Exercise details:
Nothing below is to be printed except the lines between the line holding "Kaiia Logo Wide Leg Joggers Cornflower Blue" and the line holding "Retro Pastel Pacman", inclusive, each exactly as it appears.
==== Data to use ====
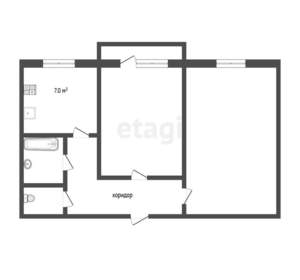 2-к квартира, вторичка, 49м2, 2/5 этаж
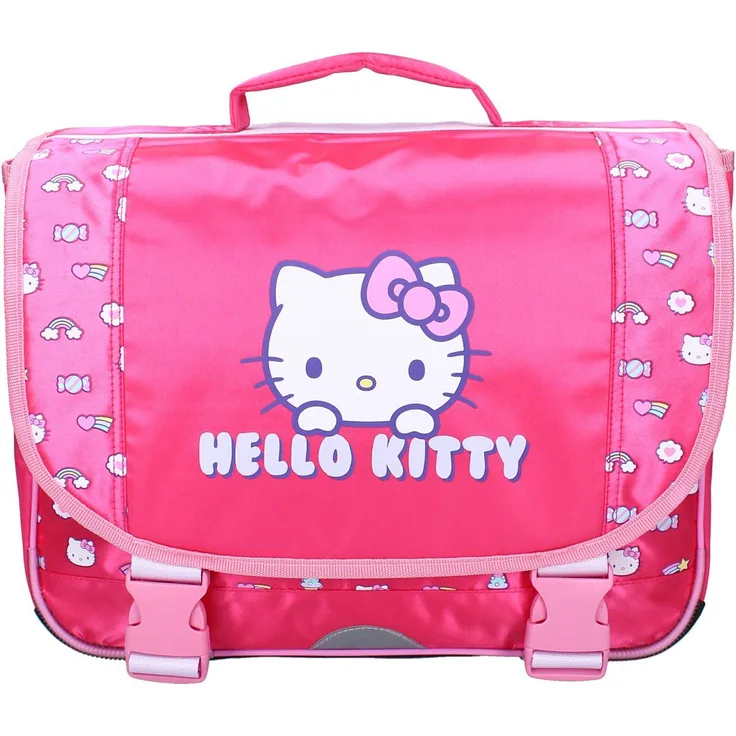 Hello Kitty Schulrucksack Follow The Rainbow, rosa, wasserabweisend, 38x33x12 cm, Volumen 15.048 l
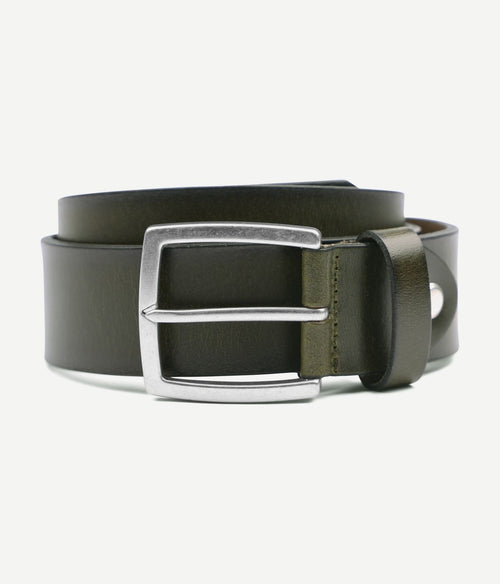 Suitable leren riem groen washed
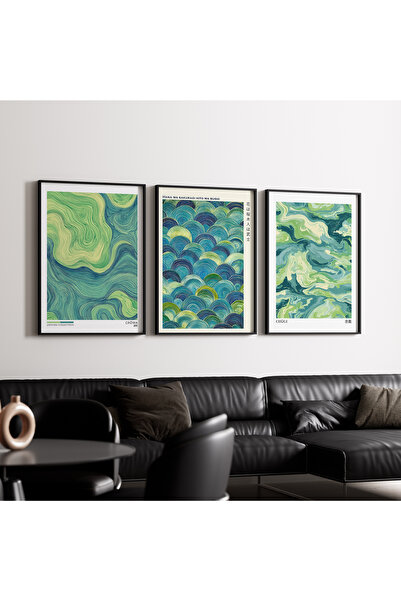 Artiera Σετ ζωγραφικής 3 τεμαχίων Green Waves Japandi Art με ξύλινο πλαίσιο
====
==== Data to use ====
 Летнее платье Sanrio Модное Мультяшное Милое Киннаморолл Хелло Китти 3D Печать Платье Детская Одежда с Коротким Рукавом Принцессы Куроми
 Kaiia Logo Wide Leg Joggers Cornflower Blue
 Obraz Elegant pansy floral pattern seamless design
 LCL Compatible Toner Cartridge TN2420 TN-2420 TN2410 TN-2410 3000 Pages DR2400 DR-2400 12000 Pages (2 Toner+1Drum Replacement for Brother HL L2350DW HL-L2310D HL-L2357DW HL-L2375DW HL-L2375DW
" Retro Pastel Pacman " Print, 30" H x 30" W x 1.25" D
====
==== Data to use ====
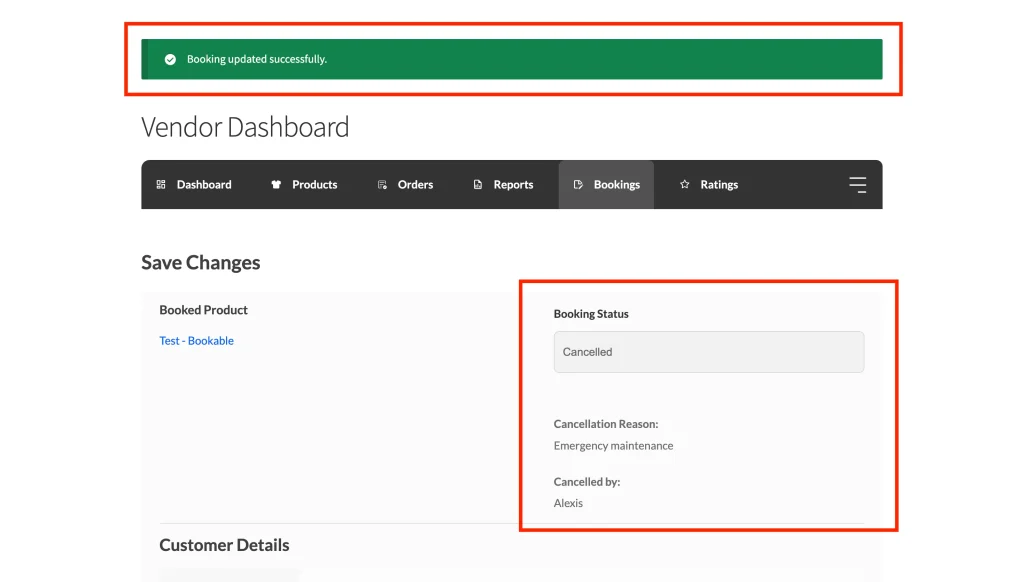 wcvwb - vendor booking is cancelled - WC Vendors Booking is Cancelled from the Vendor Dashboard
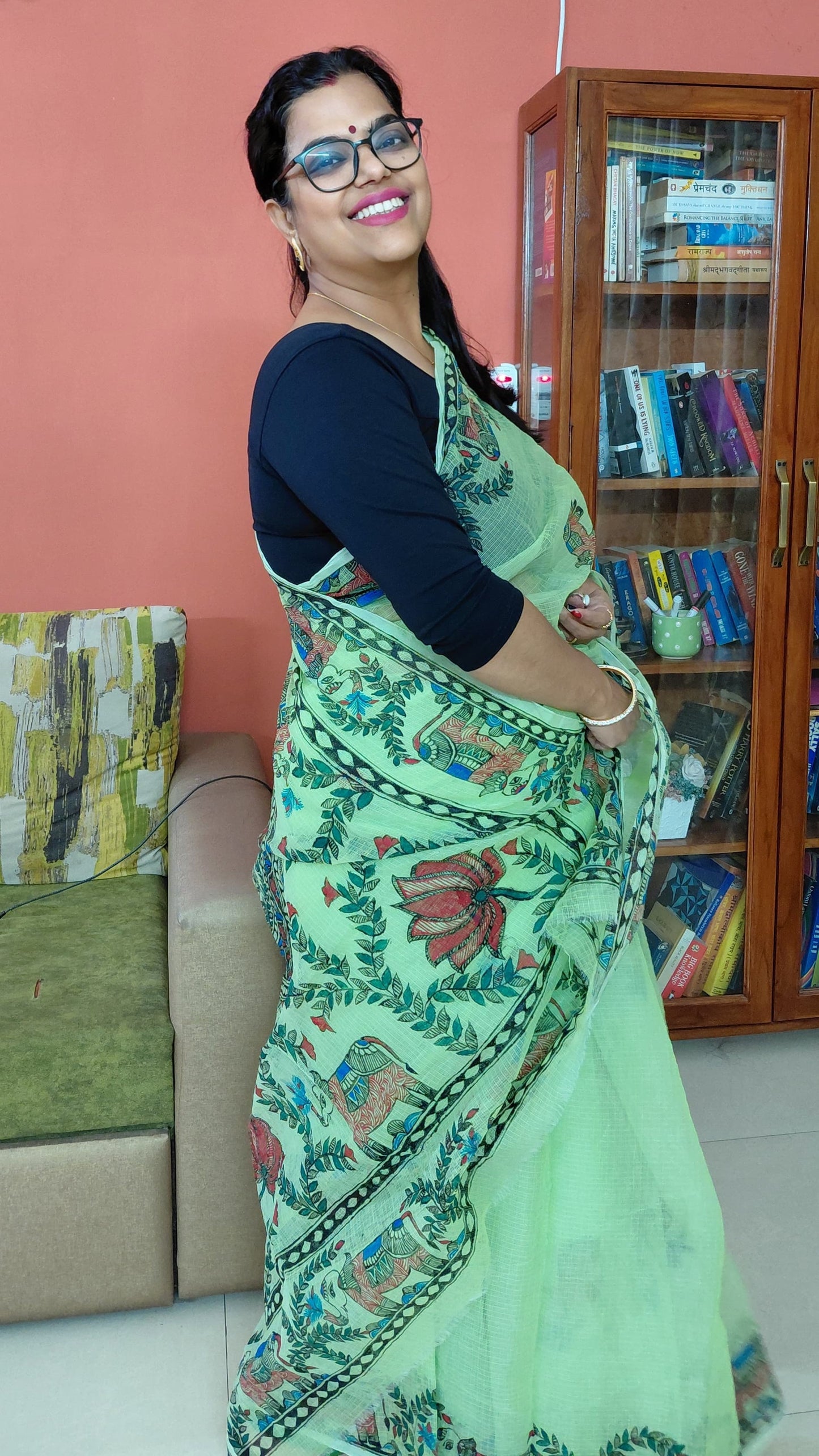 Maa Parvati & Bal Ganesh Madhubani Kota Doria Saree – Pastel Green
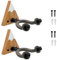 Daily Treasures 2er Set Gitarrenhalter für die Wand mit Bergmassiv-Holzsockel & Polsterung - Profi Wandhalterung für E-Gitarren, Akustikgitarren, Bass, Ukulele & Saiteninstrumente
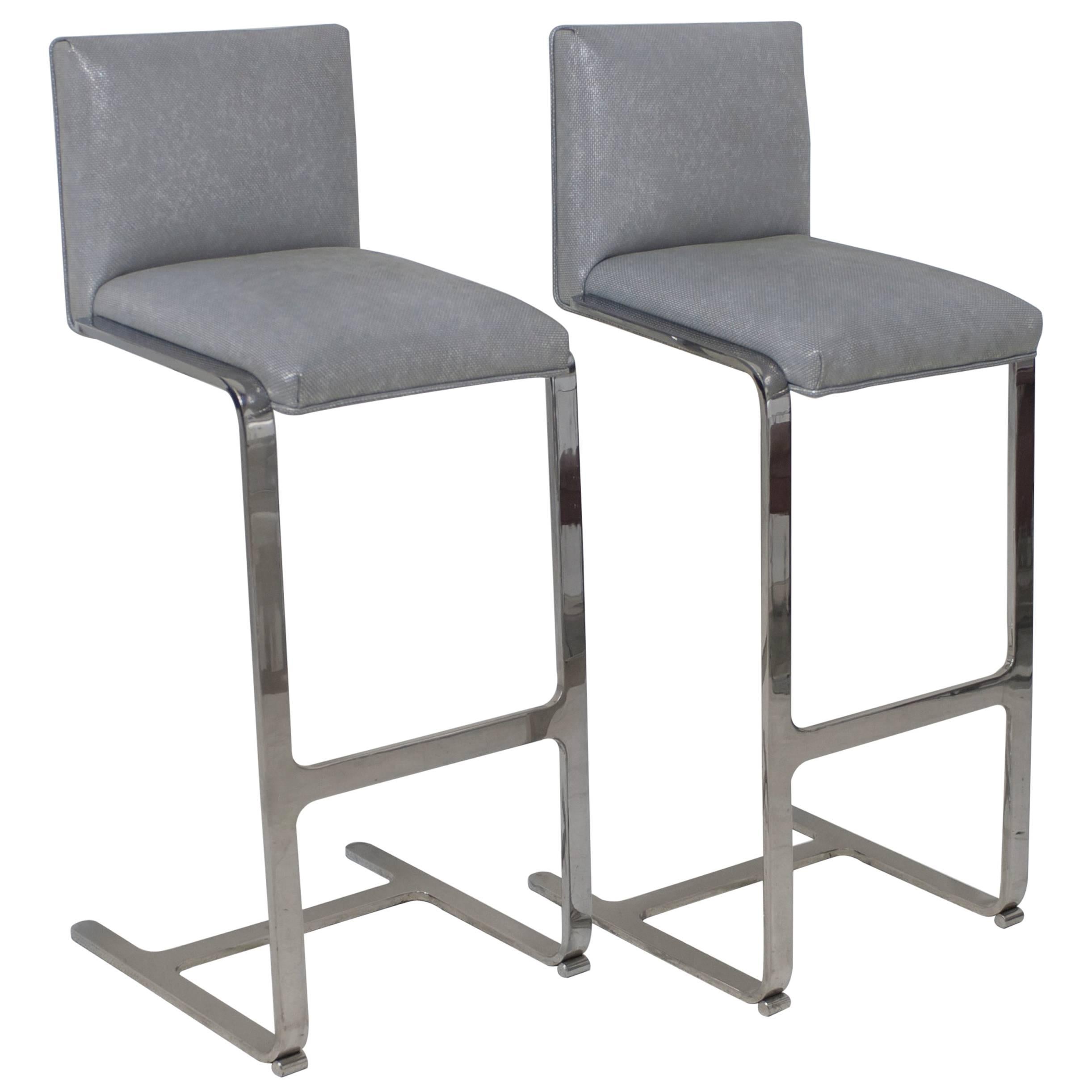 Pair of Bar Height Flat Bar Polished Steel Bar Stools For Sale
====
Written answer:
 Kaiia Logo Wide Leg Joggers Cornflower Blue
 Obraz Elegant pansy floral pattern seamless design
 LCL Compatible Toner Cartridge TN2420 TN-2420 TN2410 TN-2410 3000 Pages DR2400 DR-2400 12000 Pages (2 Toner+1Drum Replacement for Brother HL L2350DW HL-L2310D HL-L2357DW HL-L2375DW HL-L2375DW
" Retro Pastel Pacman " Print, 30" H x 30" W x 1.25" D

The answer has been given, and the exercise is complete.